Guide us, God of love, by your Word and Holy Spirit, that in your light, we may see light, in your truth, find freedom, and in you, discover peace. Through Jesus Christ our Lord.

Amen

 

Today we celebrate Epiphany Sunday – the feast day which celebrates that God the Son appeared as a human being in Jesus Christ. Epiphany comes from the Greek verb epiphano, which means to show or to appear. And showing and appearing are interesting ways to describe today, because we might have expected the Lord’s appearance to have already been taken care of. We might have imagined the day of the Lord’s showing to be Christmas.

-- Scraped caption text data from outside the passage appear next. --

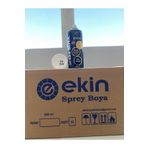 Ekin 400 ml Mat Siyah 15'li Koli Sprey Boya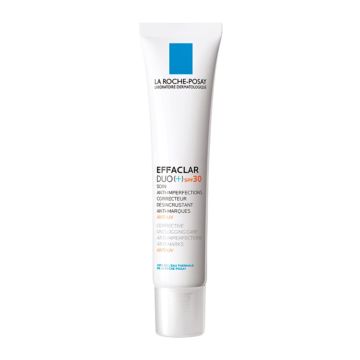 La Roche-Posay Effaclar DUO (+) korygująca pielęgnacja odbudowująca skóry z niedoskonałościami i trądzikiem 40 ml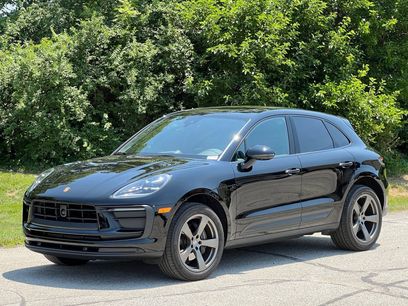 Certified 2026 Porsche Macan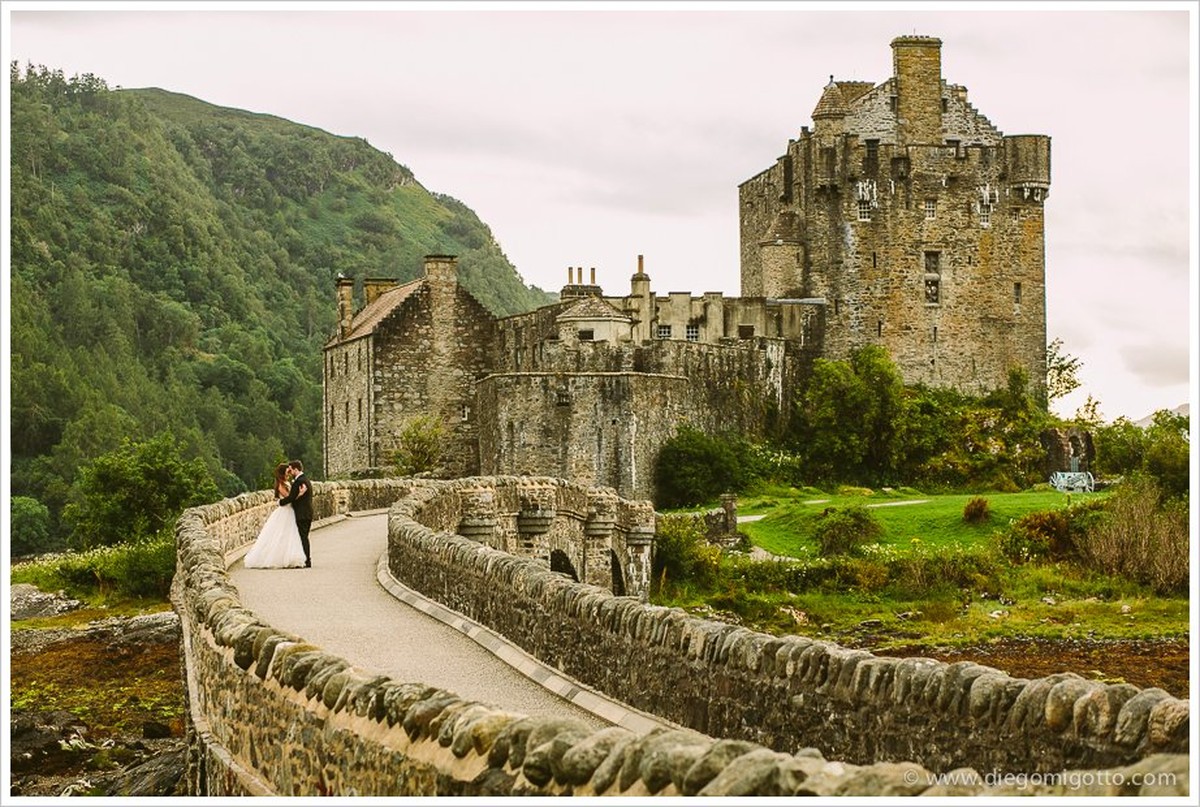 NATALIA + HENRIQUE | ESCÓCIA |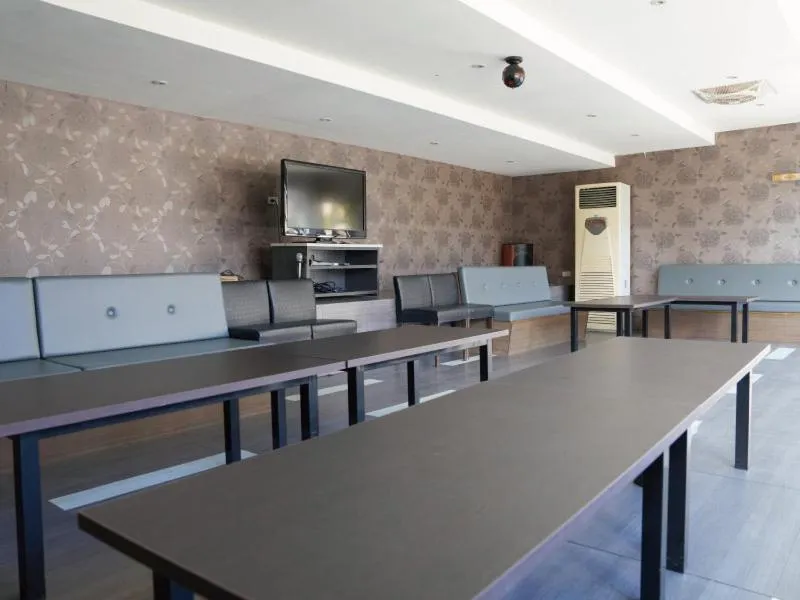 Game Room in Dan Lee Inn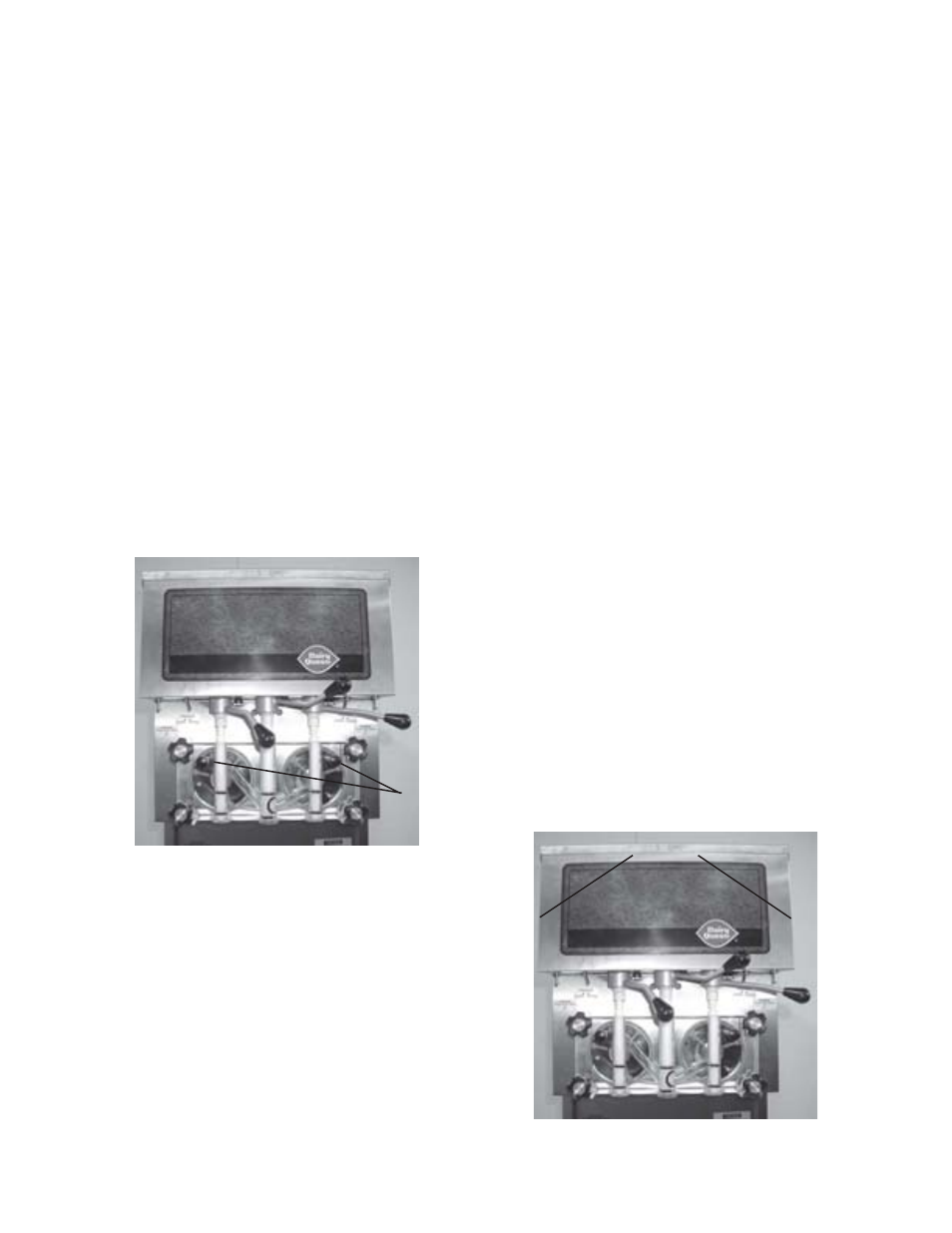 Vollrath 217R User Manual | Page 20 / 39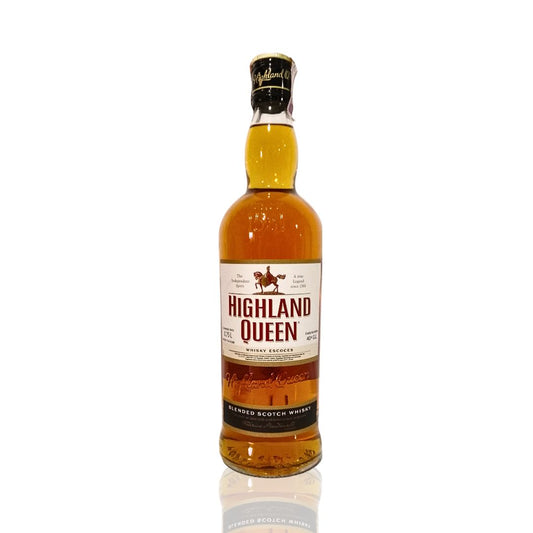Highland Queen - Whisky Escocés 0,75L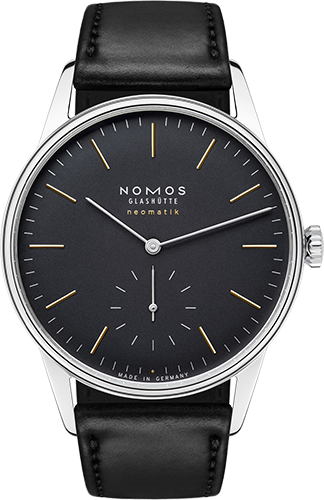 Nomos Glashütte Orion Neomatik Watch Ref. 396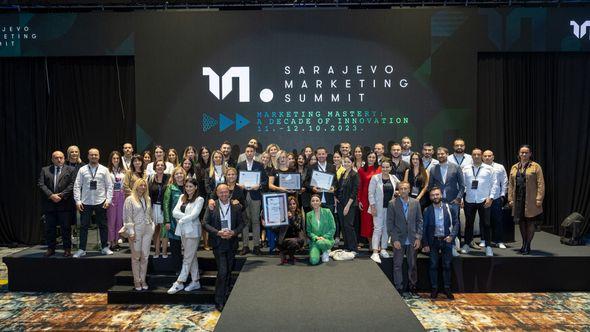 Sarajevo Marketing Summit 2023 - Avaz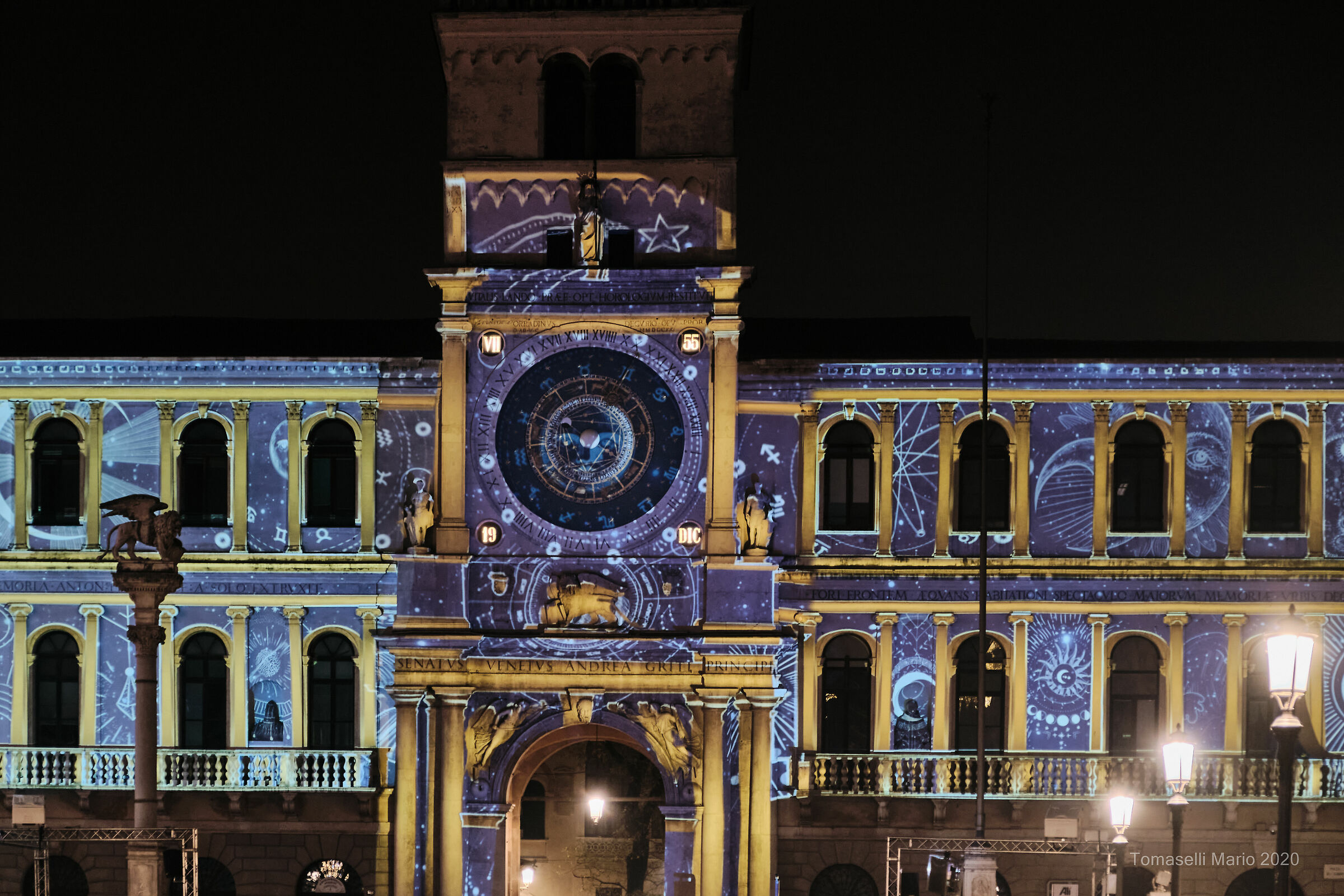 Padova - Piazza dei Signori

Indeed, that is what Luke, the other evangelist who begins Jesus’ story with his birth, does. In Luke, Christmas is the climax of a long period of waiting and expectation. There, Jesus’ birth is preceded by Zechariah’s muteness, by Elizabeth’s conception, by the annunciation, by the Magnificat, and then by Mary and Joseph’s long journey to Bethlehem. For Luke, as for many of us, everything leads up to and converges upon Christmas – when we hear the long prelude to his gospel break out in full orchestration, concluding only with the heavenly host’s announcement of Christ’s birth to the shepherds, as they sing: “Glory to God in the highest, and on earth peace to those on whom favor rests.” Christmas, for Luke, is Christ’s showing. Christmas is Jesus’ epiphany. And we celebrated that nine days ago. What is the deal with this day? Why do we celebrate it too?

 

Perhaps we might begin to see the point of epiphany, if we look to our text in Matthew’s gospel, where things appear quite differently than they do in Luke. Matthew keeps Christmas blanketed in mystery. No shepherds, no angels, no inn, no manger, no songs. In short, all those trappings which we associate with Christmas are absent. Instead Matthew jumps straight from Joseph’s dream, where God assures him that Mary’s child is of the Holy Spirit, to our text which begins: “In the time of King Herod, after Jesus was born in Bethlehem in Judea …” That Jesus was born is a given for Matthew. In fact, you could say that Matthew doesn’t even find it interesting. It hardly needs to be discussed. The birth itself plays on a minor point in the plot. However, in terms of the story’s mood, in terms of the imaginative setting, in terms of the scope of possibilities it opens up, Christ’s birth – this point Matthew barely mentions – is all important.

An illustration might help fill out what I mean by a shift in mood. I bet that virtually all of you have seen the movie version of The Wizard of Oz. Recall that it begins with Dorothy and Toto running home from school in Kansas. Now, I don’t want to offend those of you who love Kansas, but we can probably all agree that Kansas isn’t the most exciting place in the world. The movie makes that point in several ways, but the most striking is that it was filmed in sepia-washed black and white. The browns and the grays, the conspicuous lack of color, creates the mood: Kansas is about as humdrum as it gets.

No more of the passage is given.